On Fri, Aug 31, 2012 at 7:59 AM, jeff p <mutjida@gmail.com> wrote:
Hello,

I have a sample file (attached) which I cannot read into Text:

    Prelude Control.Applicative> Data.Text.IO.readFile "foo"
    *** Exception: utf8.txt: hGetContents: invalid argument (invalid
byte sequence)

    Prelude Control.Applicative> Data.Text.Encoding.decodeUtf8 <$>
Data.ByteString.Char8.readFile "foo"
    "*** Exception: Cannot decode byte '\x6e':
Data.Text.Encoding.decodeUtf8: Invalid UTF-8 stream

So it seems that foo doesn't contain valid UTF-8. However,
System.IO.UTF8 has no problem reading the data:

    Prelude Control.Applicative> System.IO.UTF8.readFile "foo"
    "3591,,,dihigma99h,1905,5,25,CUBA,,Matanzas,1971,5,20,CUBA,,Cienfuegos,Martin,Dihigo,,Mart\65533n
Magdaleno Dihigo
    (Llanos),,190,74,R,R,,,,dihigma99,dihigma99,dihim001,dihigma99,dihigma99\r\n"
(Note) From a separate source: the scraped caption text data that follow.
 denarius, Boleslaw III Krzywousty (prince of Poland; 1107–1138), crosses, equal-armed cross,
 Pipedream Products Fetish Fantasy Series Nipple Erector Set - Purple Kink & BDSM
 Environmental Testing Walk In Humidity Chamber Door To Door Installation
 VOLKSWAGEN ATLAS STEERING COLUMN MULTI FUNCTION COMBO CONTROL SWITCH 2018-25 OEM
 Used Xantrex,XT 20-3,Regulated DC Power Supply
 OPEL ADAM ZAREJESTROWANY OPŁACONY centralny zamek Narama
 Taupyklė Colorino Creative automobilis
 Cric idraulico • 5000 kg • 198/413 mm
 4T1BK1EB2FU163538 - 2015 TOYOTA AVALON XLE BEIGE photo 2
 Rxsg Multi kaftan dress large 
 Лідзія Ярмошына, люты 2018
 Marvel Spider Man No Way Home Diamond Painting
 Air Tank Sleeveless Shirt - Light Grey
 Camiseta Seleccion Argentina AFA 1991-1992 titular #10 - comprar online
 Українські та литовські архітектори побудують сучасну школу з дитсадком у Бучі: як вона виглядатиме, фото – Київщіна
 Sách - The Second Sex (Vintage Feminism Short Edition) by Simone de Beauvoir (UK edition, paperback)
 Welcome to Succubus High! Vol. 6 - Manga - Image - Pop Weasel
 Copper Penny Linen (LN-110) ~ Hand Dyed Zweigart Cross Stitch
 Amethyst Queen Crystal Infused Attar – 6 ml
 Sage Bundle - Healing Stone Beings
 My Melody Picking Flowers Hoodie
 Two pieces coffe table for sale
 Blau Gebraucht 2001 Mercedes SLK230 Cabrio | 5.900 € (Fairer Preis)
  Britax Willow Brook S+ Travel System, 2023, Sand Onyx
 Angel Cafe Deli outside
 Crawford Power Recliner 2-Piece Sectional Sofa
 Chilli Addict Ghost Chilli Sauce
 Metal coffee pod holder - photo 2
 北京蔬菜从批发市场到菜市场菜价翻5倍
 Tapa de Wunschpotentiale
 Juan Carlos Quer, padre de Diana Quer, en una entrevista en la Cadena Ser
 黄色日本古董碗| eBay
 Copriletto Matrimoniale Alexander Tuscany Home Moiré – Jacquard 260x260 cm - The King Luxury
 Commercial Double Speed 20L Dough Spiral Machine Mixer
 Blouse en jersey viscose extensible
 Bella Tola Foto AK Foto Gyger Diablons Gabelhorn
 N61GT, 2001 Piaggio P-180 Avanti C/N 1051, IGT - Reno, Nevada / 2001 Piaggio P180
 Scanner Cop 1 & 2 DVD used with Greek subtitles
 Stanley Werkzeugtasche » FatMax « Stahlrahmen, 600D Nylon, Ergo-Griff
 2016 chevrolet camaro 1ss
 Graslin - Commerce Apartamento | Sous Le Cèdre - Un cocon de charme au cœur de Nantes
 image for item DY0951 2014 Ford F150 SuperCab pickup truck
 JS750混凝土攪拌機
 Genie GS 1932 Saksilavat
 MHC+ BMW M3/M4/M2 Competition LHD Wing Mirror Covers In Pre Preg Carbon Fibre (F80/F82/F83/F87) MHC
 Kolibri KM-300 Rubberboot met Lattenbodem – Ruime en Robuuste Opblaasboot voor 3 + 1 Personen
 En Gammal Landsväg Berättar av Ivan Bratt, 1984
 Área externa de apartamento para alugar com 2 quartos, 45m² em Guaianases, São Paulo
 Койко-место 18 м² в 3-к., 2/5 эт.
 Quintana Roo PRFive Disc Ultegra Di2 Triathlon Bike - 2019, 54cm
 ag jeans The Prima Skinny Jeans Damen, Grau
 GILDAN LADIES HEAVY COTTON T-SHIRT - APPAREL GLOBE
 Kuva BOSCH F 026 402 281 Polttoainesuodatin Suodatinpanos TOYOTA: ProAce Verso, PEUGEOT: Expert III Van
Shouldn't these all have the same behavior?

\65533 is the unicode replacement character U+FFFD. This means that the source text is not valid UTF-8; the parser in System.IO.UTF8 is silently replacing the bad characters while the others are throwing an exception. If you want the same behaviour with the Text parser, use Data.Text.Encoding.decodeUtf8With which allows you to replicate this. It's likely, however, that your input text is in some other encoding like ISO-8859-1. Use the text-icu package (http://hackage.haskell.org/package/text-icu) to decode these.

G
--
Gregory Collins <greg@gregorycollins.net>